Levenson cites, as an example, cases of delirium. Delirium is “common in both the hospital and the nursing home, and it increases the risk of short- and longer-term complications such as dementia, pressure ulcers, pneumonia, hospitalization, slower post-hospitalization recover, and death.”

Dealing with delirium “requires a high index of suspicion and a coordinated effort” among caregivers, Levenson says. And while CMS clearly recognizes the threat, its surveys generally exclude delirium recognition, screening, and treatment in its analyses, Levenson says.

“However, surveyors only sometimes correctly determine deficiencies, especially in more complex cases, and appropriately link facility practices to resident outcomes,” Levenson says. “Although facilities may complain with some justification that surveyors sometimes incorrectly make such connections, surveyors often fail to recognize situations where cause identification, such as recognition of delirium, is incorrect and subsequent interventions are inappropriate or problematic.”

Overall, Levenson tells us that he’s worried that survey data create a dialectic of dumbing-down: Big, systemic problems in a home can get missed, and relatively minor problems can get over-emphasized.

“When they use the survey as barometer, they may not get any citations in a certain category, but they may still not be doing the right thing, or the right thing in the right way.

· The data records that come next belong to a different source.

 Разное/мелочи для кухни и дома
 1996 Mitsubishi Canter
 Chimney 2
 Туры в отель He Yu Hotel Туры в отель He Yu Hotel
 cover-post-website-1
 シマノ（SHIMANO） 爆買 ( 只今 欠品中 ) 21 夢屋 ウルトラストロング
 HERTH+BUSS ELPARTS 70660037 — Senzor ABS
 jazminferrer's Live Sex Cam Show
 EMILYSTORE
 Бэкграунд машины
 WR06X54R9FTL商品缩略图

And so the residents suffer,” he says. “For instance, quite often if there’s a deficiency in weight loss, nursing home administrators will go after the dietitian—and that just doesn’t address the problem. So, as with the care of patients, there are often multiple causes of a single finding and single causes of multiple findings. And until you do your careful analysis you have no way of knowing how to fix the problems.”

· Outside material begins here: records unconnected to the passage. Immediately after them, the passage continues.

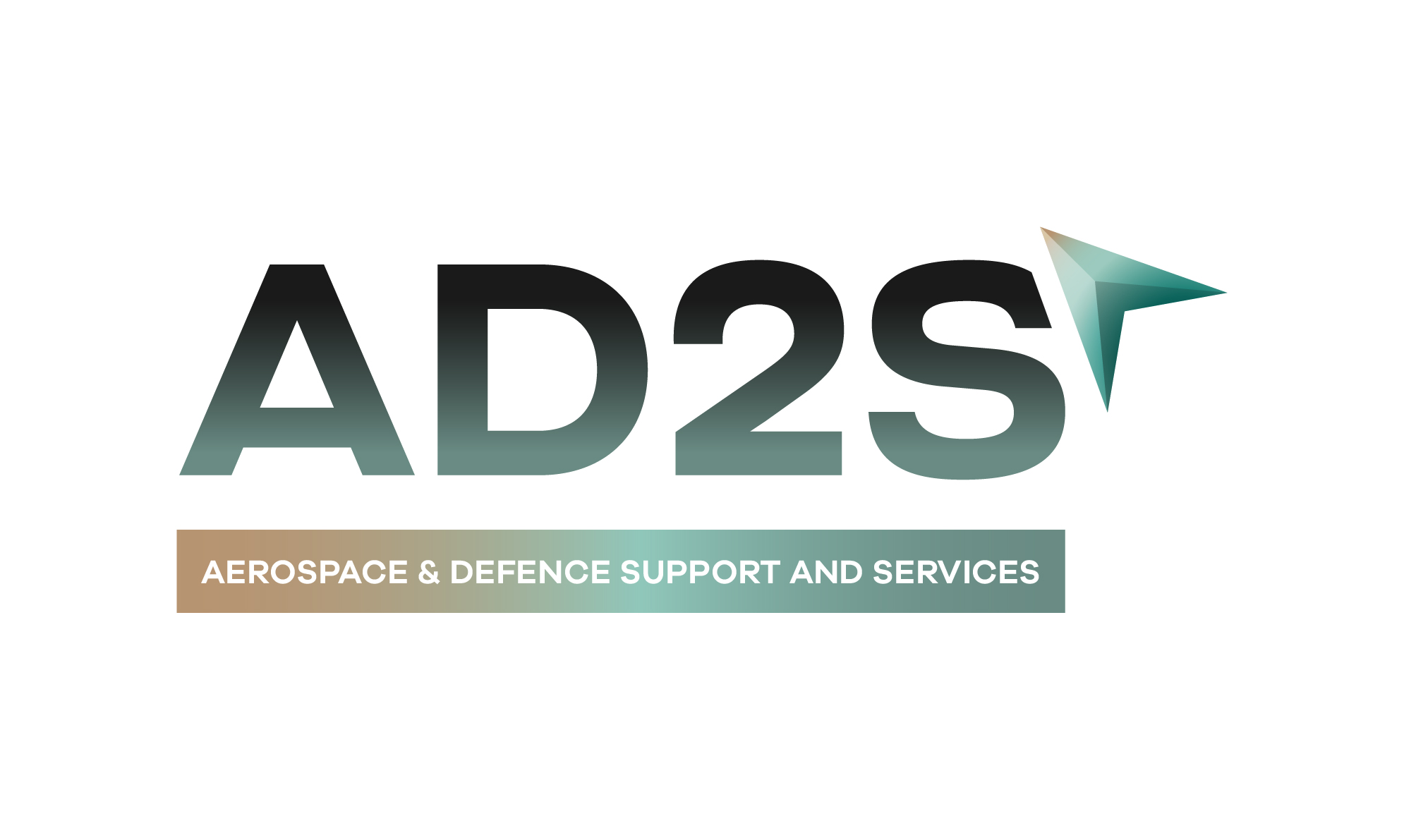 AEROSPACE & DEFENCE MISSION SUPPORT EXPO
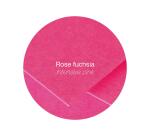 Paquet de 25 cartes simples Pollen 158x222mm 210g/m²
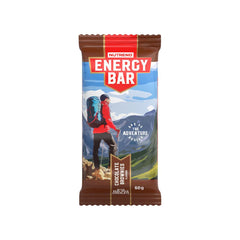 Nutrend - Energy Bar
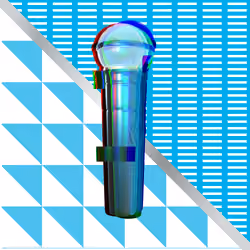 Bud Light N3XT 2815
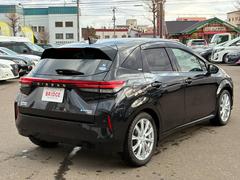 ������������󡡣��ףġ������ʥӣԣ֡����饦��ɥӥ塼��˥������£ϣڣť�����ɡ��쥶������ӥ����ȡ������ȥҡ��������ץ��ѥ����åȥ��륳�󡡣ţԣá��ɥ�쥳�����ޡ��ȥ��� 6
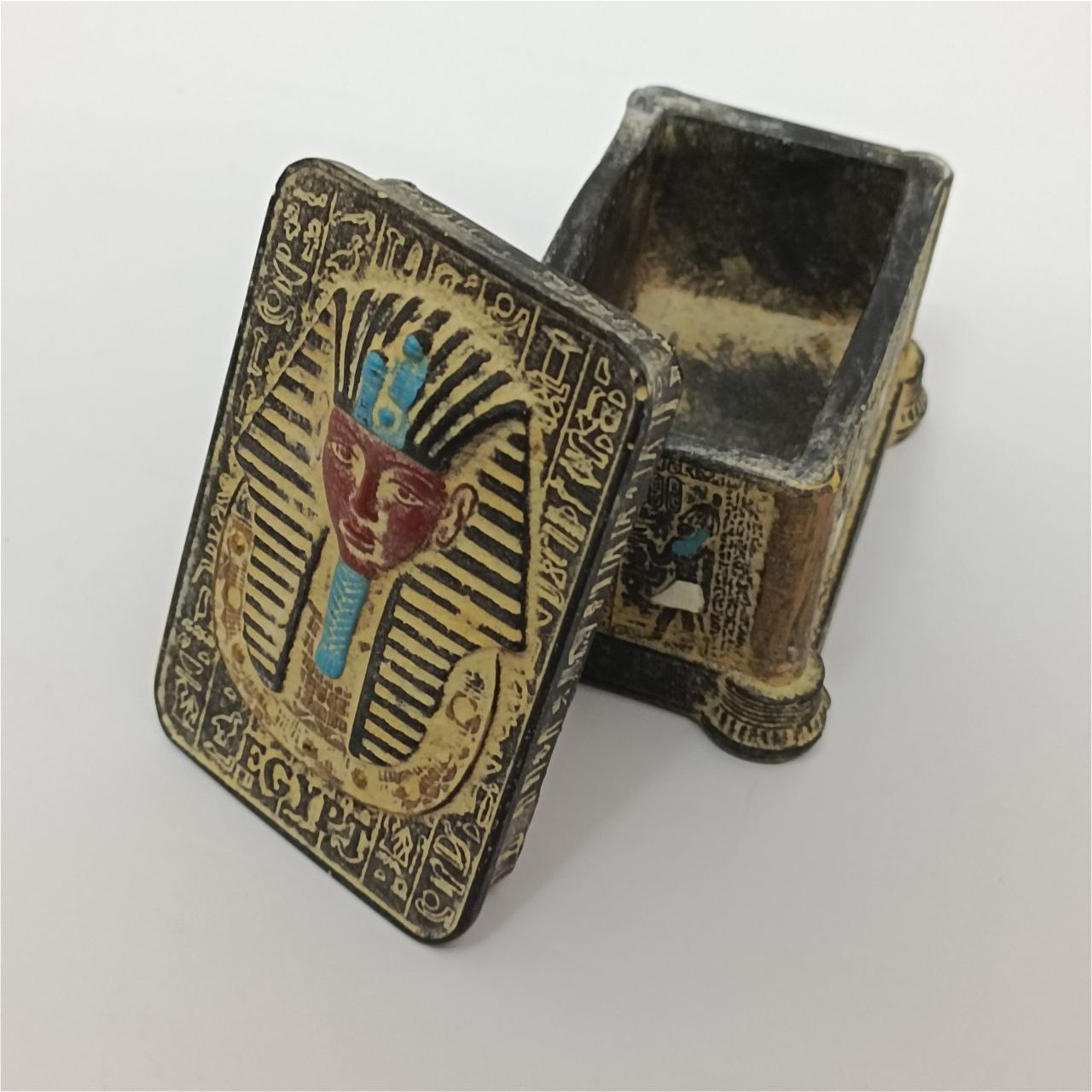 image-2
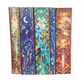 Acotar - printed edges - limba română - model 5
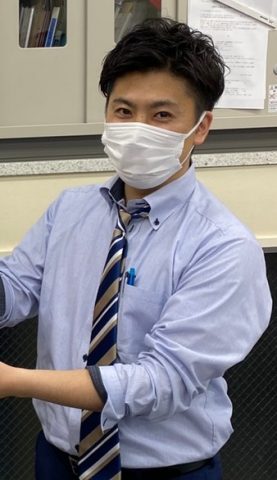 staff_01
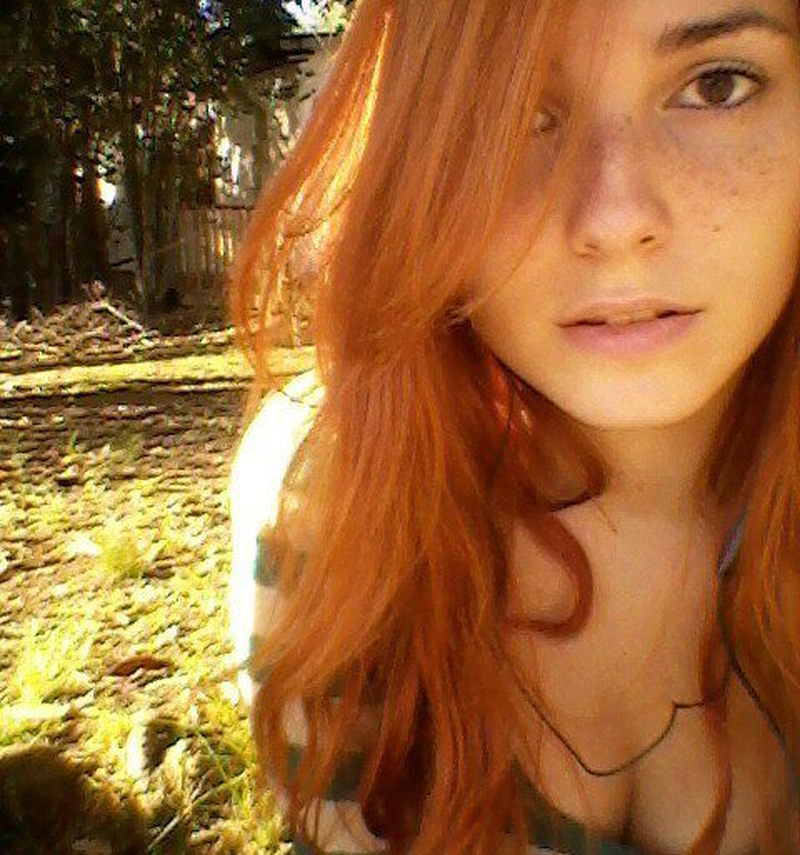 Bruna - Foto 1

Lerner, the study’s author, says she understands why professionals may balk at using a deficiency as a measure of quality. But she says that, whether there’s a one-for-one comparison between deficiencies and quality, those who are on the frontlines of care have to take those deficiency standards seriously.

“The fact that survey information has to be in the lobby of every nursing home in America means that somebody is taking this seriously,” she says. “You give the best care you can, but when those surveyors come in the door, you’re concerned about what you’re doing and what they can find.”

And Lerner says that some deficiencies—especially the quality-of-care deficiencies—are important no matter how they’re measured.

“Those are the ones that hurt people,” she tells Provider. “That means you did something that had the potential to cause harm to a resident.”

Lerner and her team are already at work on a follow-up study, this one on the relationship between turnover among directors of nursing or administrators and deficiencies. The results appear to be even starker, she says.

“What we’re finding is that the longer the tenure of either a director of nursing or an administrator in a nursing home, the lower the number of deficiencies in a nursing home, and the lower the severity of deficiencies,” she says. “That’s even scarier, in some ways, than the turnover of CNAs.”